Screenshot 2022-08-02 at 09 38 51

Planning 2022-08-02

  • Look at results of train + eval (k-fold cross-validation) after #607 fixes the annotations in the "ground truth"
  • Try to "pre-train" on the external (partially annotated) NER dataset and then "fine-tune" on the internally (fully annotated) NER datasets

K-fold cross-validation with 5 folds using the original (not corrected) annotations.

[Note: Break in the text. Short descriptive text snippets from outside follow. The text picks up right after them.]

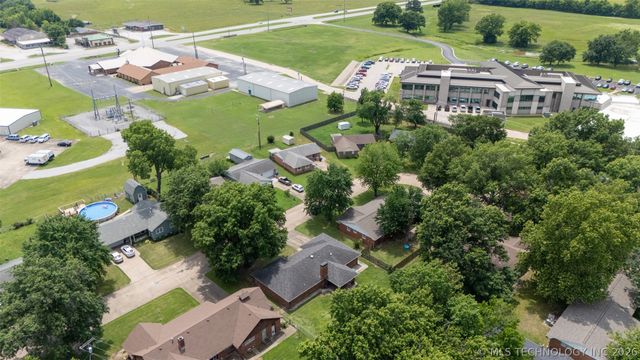 318 Sunset Drive, Vinita, OK 74301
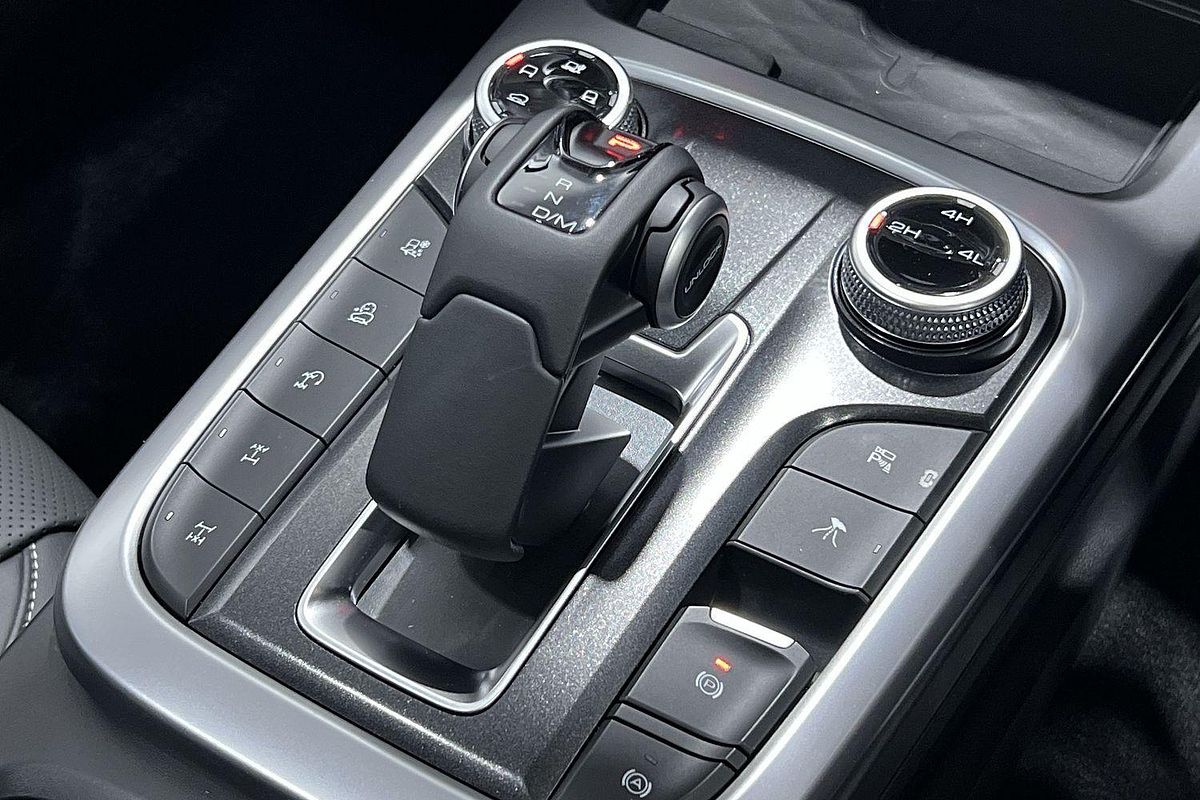 2025 GWM Tank 300 Ultra P01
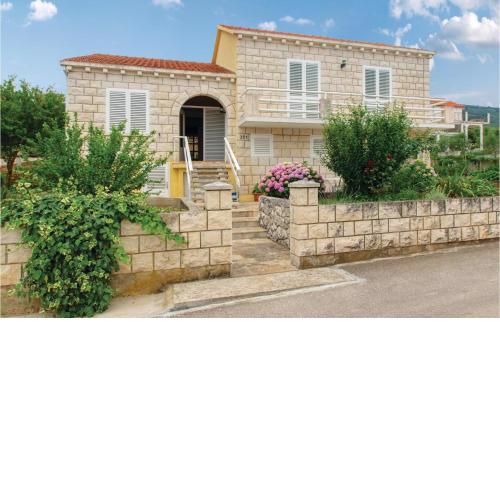 Awesome Apartment In Racisce With Wifi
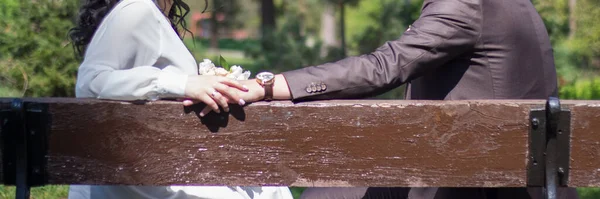 Mariés Avec Bouquet Lors Une Cérémonie Sortie Pendant Période Quarantaine — Photo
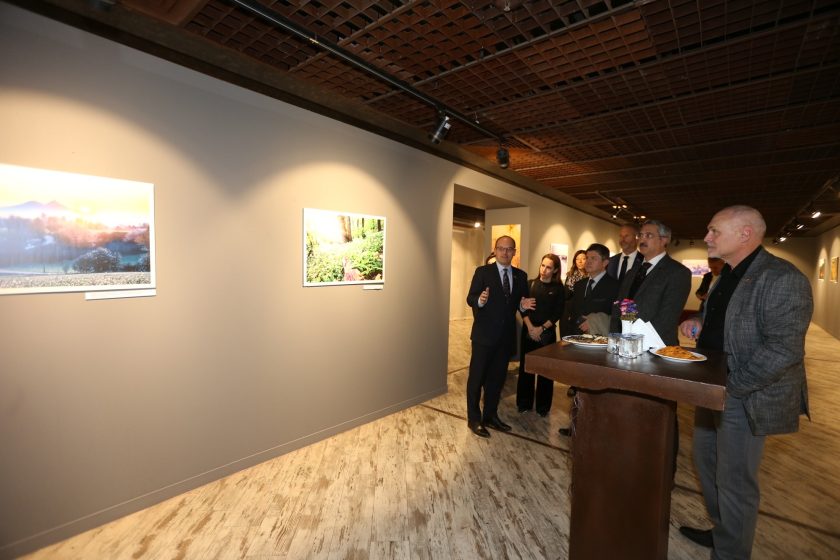 “Çağdaş Fotoğrafta Bilim, Seyahat Ve Doğa Sergisi”nin açılışı yapıldı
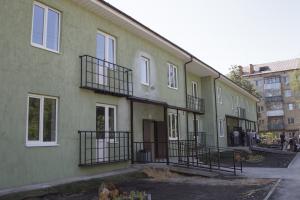 Владимир Груздев осмотрел дом  Болохово, предназначенный для переселения семей из ветхого и аварийного жилья.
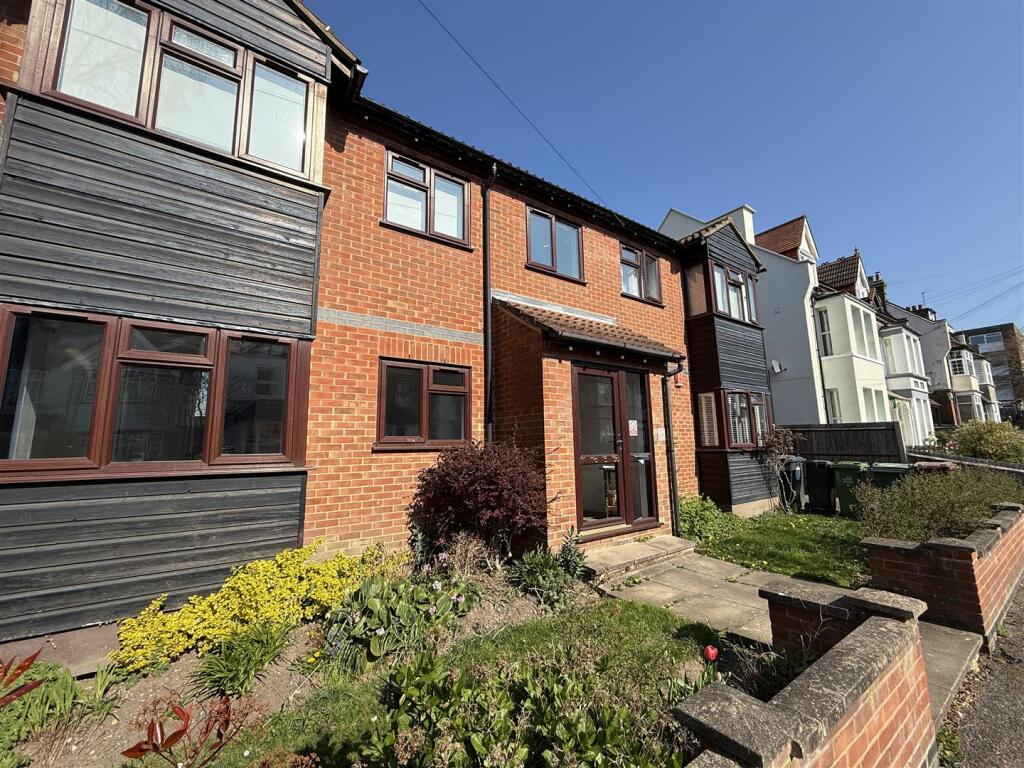 Main image of property: Woodland Road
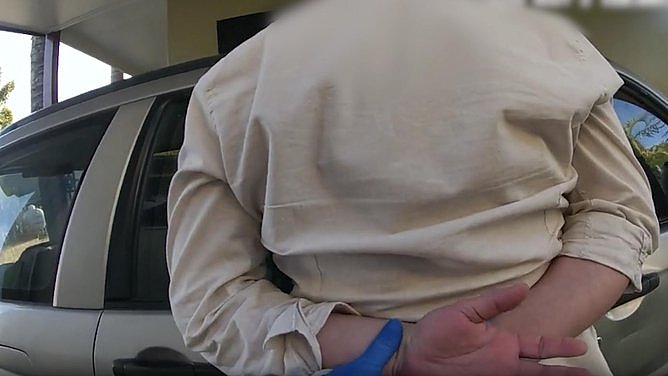 澳多地惊现新型诈骗，专盯这类人！警方突袭华人聚居区公寓，逮捕3外国人（组图） - 3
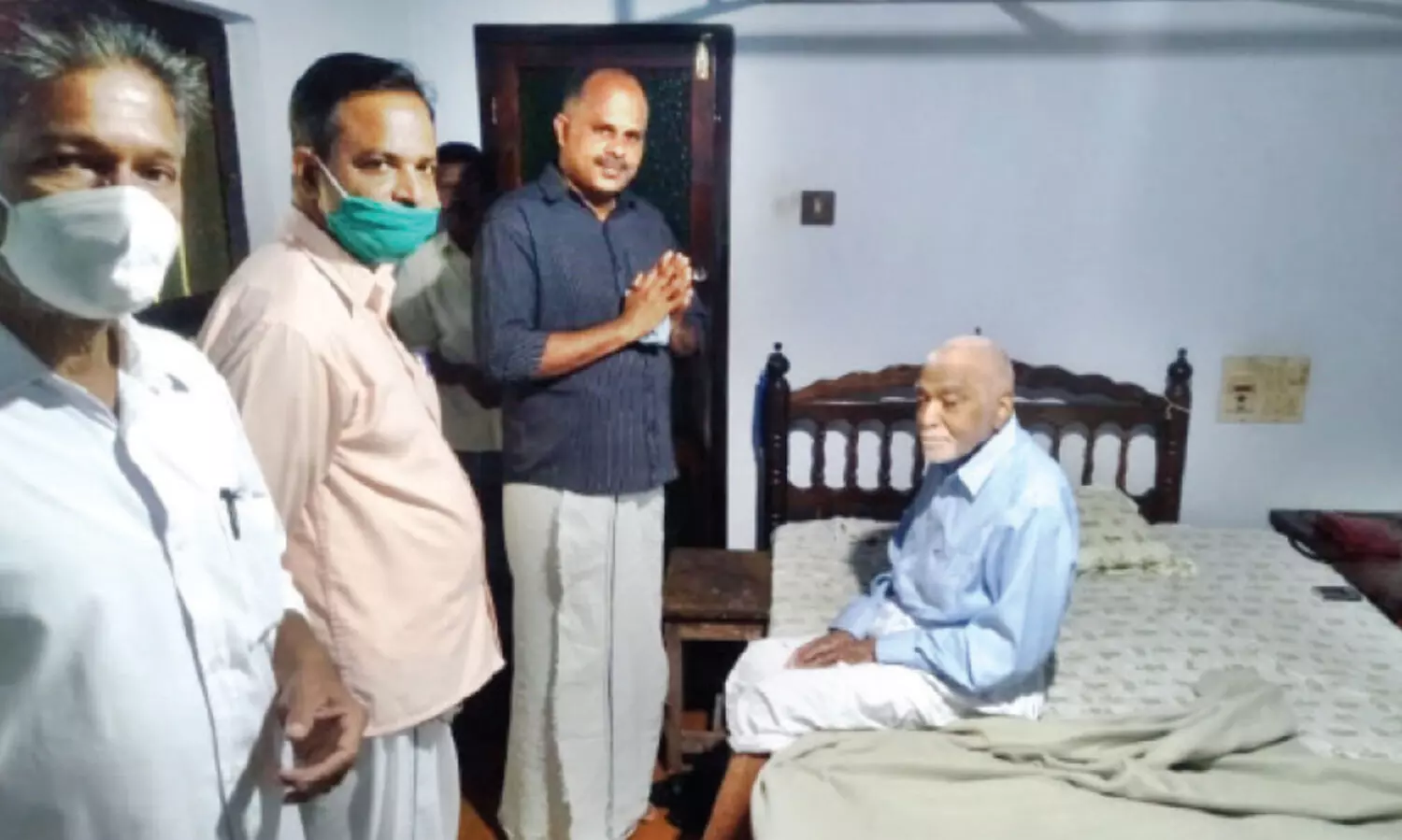 കെ.വി. സുമേഷ്​ ബർലിൻ കുഞ്ഞനന്തൻ നായരെ സന്ദർശിച്ചു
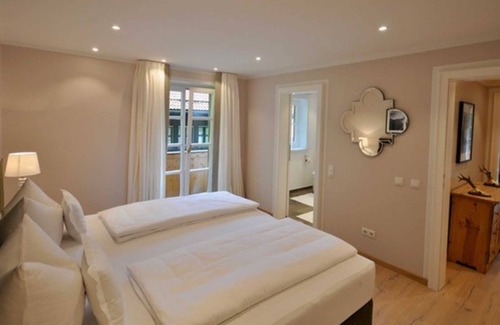 Bad Wiessee Bed & Breakfast | Suite mit Bergblick - Bio Design Boutique Hotel Landhaus St. Georg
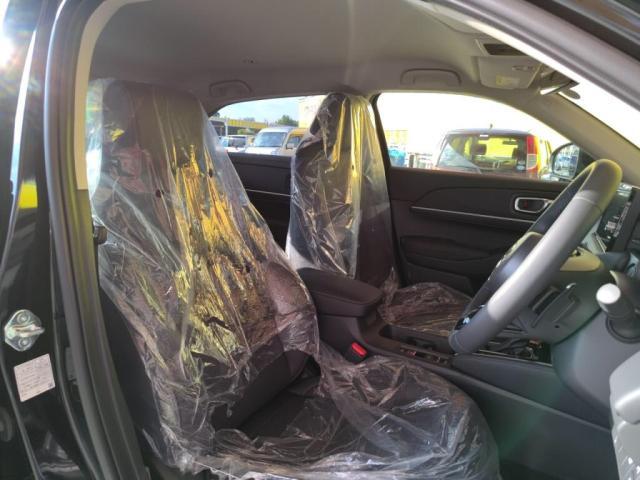 握り心地のよいステアリング！いつも触る場所ですので質感大事ですよね！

external data = bc2gm_corpus and jnlpba

  • internal - only trained on fully annotated data
  • external_simul - fully annotated data + external data were concatenated and the network was trained on this dataset
    • The reason why the performance is worse than what was shown in the previous post is that this time the validation set consisted both of external data and internal data (before it was just the internal data)
  • external_seq- we first trained in external data and then trained on fully annotated internal data (sequential logic)

F1 score

Test

Screenshot 2022-08-12 at 11 19 05

Train

Screenshot 2022-08-12 at 11 23 05

K-fold cross-validation with 5 folds using the corrected annotation. The rest is the same as above

F1-score

Train

Screenshot 2022-08-15 at 13 35 51

Test

Screenshot 2022-08-15 at 13 35 43

Update 2022-08-16

  • Based on the results shown in #608 (comment), it seems that merging the partially annotated NER samples with the fully annotated ones from BBP gives bad results. Possibly, this is because the partially annotated ones outnumber the fully annotated, high quality ones.
  • Based on the results shown in #608 (comment), pre-training on the partially annotated NER samples does not decrease but neither it significantly improves the accuracy of the final NER model.

Decision

  • For the time being, it does not seem like we can leverage (partially annotated) publicly available NER datasets to improve the performance of our NER models.